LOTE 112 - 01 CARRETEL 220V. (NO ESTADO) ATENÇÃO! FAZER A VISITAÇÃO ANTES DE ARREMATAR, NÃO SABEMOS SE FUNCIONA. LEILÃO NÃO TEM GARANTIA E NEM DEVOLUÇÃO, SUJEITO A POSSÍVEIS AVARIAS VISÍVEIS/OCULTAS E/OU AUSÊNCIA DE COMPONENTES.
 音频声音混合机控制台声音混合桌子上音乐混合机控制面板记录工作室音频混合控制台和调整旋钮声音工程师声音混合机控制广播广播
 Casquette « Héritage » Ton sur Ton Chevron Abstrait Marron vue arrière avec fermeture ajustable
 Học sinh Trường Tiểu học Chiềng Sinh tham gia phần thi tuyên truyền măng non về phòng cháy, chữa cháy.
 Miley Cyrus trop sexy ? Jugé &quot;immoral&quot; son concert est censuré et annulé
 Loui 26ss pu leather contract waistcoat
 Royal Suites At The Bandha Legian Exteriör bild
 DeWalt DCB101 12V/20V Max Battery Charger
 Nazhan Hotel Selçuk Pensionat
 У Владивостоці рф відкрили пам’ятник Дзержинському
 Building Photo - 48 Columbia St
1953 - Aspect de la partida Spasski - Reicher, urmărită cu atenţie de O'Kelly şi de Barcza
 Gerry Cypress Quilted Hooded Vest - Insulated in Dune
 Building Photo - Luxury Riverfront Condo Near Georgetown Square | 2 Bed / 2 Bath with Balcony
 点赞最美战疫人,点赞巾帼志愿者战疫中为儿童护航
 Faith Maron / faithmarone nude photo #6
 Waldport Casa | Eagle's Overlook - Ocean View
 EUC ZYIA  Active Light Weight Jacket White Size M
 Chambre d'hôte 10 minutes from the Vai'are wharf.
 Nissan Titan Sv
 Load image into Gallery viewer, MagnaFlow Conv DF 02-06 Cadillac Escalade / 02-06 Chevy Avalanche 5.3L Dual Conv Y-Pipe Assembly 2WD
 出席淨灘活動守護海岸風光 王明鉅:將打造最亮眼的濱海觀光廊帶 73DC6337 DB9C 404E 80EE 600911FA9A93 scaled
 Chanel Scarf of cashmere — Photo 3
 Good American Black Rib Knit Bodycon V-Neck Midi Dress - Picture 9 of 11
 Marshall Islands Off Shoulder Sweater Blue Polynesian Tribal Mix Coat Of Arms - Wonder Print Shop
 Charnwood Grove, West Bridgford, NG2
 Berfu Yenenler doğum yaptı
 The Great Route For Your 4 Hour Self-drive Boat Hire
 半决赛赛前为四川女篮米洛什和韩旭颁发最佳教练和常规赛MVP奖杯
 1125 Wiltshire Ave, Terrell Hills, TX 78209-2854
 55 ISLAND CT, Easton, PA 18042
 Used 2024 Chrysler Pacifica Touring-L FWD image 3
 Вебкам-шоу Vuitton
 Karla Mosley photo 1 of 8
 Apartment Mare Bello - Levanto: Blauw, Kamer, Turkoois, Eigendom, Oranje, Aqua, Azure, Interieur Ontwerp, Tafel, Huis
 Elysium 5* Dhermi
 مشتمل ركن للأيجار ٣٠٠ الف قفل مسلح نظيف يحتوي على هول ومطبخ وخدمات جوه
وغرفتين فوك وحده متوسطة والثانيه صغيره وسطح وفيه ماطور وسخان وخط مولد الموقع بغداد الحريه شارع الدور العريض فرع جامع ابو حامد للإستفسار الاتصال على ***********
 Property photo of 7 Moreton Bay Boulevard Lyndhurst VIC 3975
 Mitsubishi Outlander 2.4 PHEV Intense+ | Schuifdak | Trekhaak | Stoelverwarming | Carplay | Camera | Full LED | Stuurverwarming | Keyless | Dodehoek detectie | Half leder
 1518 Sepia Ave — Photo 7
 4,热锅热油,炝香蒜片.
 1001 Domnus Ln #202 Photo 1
+ + + +
_Task prompt_
Where a line in the material contains "image", copy that line.

_Solution for this task_
 Load image into Gallery viewer, MagnaFlow Conv DF 02-06 Cadillac Escalade / 02-06 Chevy Avalanche 5.3L Dual Conv Y-Pipe Assembly 2WD
 Used 2024 Chrysler Pacifica Touring-L FWD image 3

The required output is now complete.